# About this exercise:
Give the data again exactly, stopping after the "Mia Fiore Elegant" line.

# Material for this task:

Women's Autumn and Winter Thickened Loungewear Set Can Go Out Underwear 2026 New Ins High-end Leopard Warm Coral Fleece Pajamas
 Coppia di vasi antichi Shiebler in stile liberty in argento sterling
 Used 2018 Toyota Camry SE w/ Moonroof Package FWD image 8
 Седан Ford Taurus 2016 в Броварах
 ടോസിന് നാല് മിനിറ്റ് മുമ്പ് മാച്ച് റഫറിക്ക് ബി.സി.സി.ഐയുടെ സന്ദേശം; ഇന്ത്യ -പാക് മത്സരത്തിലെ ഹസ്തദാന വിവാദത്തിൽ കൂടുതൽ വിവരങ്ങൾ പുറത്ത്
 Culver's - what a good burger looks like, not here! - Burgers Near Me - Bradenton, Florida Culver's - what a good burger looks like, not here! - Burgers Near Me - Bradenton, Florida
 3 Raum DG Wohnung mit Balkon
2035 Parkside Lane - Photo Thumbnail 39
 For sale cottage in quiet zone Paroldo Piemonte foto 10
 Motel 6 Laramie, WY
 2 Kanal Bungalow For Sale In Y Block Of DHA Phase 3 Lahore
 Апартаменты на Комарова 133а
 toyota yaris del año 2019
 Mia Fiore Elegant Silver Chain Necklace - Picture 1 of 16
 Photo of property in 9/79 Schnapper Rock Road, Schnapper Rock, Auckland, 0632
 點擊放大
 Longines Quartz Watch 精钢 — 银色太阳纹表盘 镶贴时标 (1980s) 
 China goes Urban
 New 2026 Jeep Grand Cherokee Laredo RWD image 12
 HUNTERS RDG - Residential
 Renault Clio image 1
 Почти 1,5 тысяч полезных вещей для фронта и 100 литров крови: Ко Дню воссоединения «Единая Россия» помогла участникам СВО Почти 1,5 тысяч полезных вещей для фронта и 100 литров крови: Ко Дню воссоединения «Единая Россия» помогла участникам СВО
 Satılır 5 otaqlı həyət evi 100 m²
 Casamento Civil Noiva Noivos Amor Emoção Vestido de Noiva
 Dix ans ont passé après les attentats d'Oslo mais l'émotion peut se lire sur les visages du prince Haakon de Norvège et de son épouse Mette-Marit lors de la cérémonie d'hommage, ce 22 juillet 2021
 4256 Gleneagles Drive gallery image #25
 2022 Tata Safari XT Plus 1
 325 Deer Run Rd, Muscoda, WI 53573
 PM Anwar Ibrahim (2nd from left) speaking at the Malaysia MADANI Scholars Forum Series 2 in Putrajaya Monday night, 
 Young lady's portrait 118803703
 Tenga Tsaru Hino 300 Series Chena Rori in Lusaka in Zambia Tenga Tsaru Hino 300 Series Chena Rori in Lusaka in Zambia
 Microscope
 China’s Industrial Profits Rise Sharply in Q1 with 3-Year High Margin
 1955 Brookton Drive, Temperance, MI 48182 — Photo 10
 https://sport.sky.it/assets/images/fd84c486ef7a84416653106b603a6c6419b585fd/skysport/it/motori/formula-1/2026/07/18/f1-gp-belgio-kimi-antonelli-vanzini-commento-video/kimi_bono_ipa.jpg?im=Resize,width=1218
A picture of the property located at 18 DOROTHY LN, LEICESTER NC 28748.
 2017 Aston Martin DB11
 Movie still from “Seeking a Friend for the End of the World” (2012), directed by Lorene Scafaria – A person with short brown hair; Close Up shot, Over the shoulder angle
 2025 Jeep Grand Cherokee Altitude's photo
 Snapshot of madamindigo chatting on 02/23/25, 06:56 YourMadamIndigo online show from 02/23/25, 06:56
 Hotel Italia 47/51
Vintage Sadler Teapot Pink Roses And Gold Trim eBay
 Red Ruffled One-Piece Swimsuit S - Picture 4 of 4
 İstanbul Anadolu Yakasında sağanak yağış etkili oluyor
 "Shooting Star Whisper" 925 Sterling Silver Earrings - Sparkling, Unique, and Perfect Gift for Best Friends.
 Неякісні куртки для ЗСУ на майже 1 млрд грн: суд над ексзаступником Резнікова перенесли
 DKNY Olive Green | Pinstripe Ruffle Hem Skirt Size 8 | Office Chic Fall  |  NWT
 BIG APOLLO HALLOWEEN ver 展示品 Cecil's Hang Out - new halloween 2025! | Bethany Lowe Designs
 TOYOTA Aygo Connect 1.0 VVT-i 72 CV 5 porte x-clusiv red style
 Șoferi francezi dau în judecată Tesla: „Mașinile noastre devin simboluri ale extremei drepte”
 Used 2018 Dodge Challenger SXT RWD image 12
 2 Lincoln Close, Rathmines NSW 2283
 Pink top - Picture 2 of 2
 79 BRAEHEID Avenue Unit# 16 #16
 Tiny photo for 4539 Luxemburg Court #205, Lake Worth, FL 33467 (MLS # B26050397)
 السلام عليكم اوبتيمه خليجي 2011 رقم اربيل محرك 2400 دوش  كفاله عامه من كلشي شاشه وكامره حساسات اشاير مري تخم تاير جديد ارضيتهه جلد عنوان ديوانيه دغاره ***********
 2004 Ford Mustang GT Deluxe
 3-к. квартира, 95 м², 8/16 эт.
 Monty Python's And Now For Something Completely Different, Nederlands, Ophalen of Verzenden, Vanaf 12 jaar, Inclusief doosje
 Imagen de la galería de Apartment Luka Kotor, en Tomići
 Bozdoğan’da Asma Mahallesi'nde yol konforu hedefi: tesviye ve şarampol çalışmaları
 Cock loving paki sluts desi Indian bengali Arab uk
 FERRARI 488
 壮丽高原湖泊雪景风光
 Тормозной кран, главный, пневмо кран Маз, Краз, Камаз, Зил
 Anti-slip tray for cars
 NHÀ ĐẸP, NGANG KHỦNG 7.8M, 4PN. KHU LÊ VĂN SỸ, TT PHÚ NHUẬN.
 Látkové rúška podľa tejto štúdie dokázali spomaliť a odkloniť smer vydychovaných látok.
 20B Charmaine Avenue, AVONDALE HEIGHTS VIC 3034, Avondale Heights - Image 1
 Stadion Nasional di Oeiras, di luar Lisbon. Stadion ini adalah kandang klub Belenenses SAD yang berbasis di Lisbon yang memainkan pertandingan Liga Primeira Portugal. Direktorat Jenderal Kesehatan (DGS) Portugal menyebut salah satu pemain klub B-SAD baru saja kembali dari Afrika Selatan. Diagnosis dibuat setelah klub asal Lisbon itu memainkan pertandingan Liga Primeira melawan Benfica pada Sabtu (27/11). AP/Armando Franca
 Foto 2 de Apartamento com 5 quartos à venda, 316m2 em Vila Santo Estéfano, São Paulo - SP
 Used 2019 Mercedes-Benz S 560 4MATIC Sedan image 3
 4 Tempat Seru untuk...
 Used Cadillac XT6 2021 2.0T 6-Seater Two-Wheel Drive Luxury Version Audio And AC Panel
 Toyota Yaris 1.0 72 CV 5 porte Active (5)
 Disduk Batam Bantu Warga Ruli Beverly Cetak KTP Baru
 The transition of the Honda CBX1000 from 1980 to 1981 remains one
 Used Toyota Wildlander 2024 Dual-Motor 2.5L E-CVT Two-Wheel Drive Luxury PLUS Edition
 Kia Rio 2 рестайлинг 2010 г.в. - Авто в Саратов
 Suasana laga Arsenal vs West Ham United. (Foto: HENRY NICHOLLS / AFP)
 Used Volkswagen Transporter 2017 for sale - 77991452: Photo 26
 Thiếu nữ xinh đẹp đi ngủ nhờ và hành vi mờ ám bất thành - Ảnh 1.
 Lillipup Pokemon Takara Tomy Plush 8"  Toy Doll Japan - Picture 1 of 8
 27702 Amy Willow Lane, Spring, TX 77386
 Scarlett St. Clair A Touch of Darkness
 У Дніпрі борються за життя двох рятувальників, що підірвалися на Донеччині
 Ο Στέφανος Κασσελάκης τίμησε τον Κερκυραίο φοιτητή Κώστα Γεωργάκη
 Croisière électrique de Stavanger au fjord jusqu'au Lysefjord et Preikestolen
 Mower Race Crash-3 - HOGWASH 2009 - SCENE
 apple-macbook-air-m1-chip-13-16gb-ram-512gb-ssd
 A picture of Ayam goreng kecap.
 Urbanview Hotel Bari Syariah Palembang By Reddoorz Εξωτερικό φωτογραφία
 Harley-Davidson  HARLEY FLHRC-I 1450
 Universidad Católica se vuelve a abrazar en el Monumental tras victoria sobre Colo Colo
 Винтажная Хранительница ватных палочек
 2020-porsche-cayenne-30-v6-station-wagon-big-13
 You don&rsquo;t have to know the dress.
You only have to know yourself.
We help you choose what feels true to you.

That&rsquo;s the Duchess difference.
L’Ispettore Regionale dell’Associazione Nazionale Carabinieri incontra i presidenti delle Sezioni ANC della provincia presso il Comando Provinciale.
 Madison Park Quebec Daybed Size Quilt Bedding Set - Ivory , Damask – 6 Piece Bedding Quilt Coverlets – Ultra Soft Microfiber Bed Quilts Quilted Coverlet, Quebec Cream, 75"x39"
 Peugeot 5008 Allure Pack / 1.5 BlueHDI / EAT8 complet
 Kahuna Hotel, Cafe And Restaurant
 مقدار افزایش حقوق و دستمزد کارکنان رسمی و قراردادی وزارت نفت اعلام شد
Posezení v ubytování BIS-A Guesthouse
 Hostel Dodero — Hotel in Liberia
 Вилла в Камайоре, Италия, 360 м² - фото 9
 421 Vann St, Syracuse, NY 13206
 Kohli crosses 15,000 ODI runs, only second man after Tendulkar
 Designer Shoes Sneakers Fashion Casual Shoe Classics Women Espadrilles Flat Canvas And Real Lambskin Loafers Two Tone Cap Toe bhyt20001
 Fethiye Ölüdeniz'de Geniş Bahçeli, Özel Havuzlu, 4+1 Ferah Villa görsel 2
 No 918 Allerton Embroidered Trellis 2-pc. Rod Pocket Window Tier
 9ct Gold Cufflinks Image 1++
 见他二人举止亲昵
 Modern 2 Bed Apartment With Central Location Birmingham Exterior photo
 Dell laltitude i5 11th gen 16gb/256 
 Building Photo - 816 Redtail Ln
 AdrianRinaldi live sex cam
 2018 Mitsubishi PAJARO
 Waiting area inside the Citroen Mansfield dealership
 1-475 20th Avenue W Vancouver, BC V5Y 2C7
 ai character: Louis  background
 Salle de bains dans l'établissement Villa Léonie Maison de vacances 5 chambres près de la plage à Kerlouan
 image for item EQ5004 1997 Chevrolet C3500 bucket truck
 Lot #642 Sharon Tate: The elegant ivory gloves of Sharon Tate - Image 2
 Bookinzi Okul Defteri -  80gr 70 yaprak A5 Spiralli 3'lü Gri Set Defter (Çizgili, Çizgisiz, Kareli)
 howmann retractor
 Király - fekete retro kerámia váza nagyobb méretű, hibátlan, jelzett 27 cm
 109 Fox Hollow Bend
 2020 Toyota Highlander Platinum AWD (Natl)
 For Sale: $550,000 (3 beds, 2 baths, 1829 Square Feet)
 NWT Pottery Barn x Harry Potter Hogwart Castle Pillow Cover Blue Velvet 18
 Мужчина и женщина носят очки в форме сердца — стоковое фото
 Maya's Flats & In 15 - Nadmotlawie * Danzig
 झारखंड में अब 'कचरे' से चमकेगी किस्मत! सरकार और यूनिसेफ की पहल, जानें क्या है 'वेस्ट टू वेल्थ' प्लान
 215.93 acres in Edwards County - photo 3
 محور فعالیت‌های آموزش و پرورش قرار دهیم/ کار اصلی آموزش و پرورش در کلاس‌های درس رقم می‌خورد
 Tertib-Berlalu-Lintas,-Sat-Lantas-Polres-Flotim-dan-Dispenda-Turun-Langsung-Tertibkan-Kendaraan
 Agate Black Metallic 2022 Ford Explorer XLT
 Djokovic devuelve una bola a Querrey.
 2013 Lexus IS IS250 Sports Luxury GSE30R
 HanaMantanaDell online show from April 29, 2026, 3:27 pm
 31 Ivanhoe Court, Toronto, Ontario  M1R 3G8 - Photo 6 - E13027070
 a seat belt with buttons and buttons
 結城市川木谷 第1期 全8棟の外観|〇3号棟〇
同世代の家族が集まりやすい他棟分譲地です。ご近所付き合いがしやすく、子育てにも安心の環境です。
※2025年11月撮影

# Answer for this exercise:
Women's Autumn and Winter Thickened Loungewear Set Can Go Out Underwear 2026 New Ins High-end Leopard Warm Coral Fleece Pajamas
 Coppia di vasi antichi Shiebler in stile liberty in argento sterling
 Used 2018 Toyota Camry SE w/ Moonroof Package FWD image 8
 Седан Ford Taurus 2016 в Броварах
 ടോസിന് നാല് മിനിറ്റ് മുമ്പ് മാച്ച് റഫറിക്ക് ബി.സി.സി.ഐയുടെ സന്ദേശം; ഇന്ത്യ -പാക് മത്സരത്തിലെ ഹസ്തദാന വിവാദത്തിൽ കൂടുതൽ വിവരങ്ങൾ പുറത്ത്
 Culver's - what a good burger looks like, not here! - Burgers Near Me - Bradenton, Florida Culver's - what a good burger looks like, not here! - Burgers Near Me - Bradenton, Florida
 3 Raum DG Wohnung mit Balkon
2035 Parkside Lane - Photo Thumbnail 39
 For sale cottage in quiet zone Paroldo Piemonte foto 10
 Motel 6 Laramie, WY
 2 Kanal Bungalow For Sale In Y Block Of DHA Phase 3 Lahore
 Апартаменты на Комарова 133а
 toyota yaris del año 2019
 Mia Fiore Elegant Silver Chain Necklace - Picture 1 of 16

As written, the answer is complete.